DNA. Deoxyribonucleic acid, a molecule that figures centrally in inheritance. Constituting part of the material of chromosomes, it is commonly double-stranded in the form of a double helix. Connecting the two strands are base pairs consisting of nucleotide bases. Here you will find a conventional animated stick figure of DNA; it schematically represents a few isolated features abstracted from whatever reality the actual material chromosome presents in the cell.

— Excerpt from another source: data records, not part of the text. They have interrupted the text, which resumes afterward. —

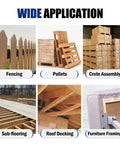 Wide application uses of Sixteen Gauge Seven Sixteenth Inch Medium Crown Construction Stapler for various construction tasks.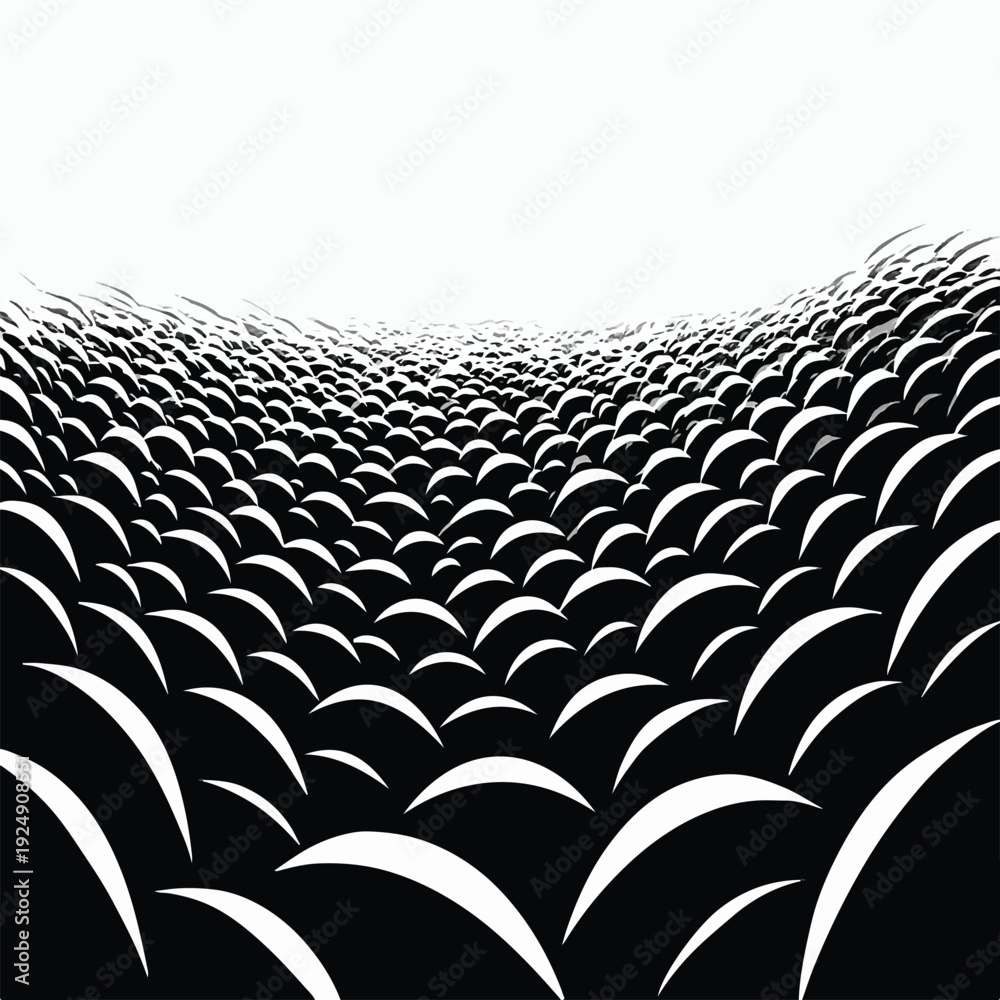 Obraz premium Massive Crowd Wave Motion, Abstract Human Sea, Stadium Audience Flow, Monochrome People Pattern, Social Gathering Movement Background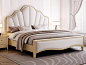 美式实木床1.8m现代简约轻奢主卧双人床欧式公主法式软包储物婚床-淘宝网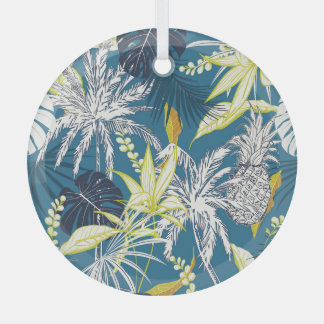 Ornement En Verre Forêt tropicale : Main colorée dessinée.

DNA breathing (1). The rhythmic unwrapping and rewrapping of DNA from nucleosomal spools. This takes place at the entry and exit sites -- that is, where the DNA meets or leaves the spool. The breathing takes place rapidly, on the order of milliseconds. Not to be confused with DNA breathing (2).

DNA breathing (2). The dynamic opening and closing of "bubbles" between the two strands of the DNA double helix. That is, for a certain length the two strands of the double helix become disconnected, and then later they reconnect. This is thought to be important for, among other things, the initiation of transcription, because RNA polymerase can only begin transcribing once the double helix has begun to be "unzipped".

DNA methylation. The attachment of a methyl chemical group to particular nucleotide bases (usually cytosine) of the DNA molecule. Methylation is recognized by various regulatory factors and therefore plays a major role in gene regulation. In general, DNA methylation tends to have a repressive effect on gene expression, but this generality is qualified by many subtleties.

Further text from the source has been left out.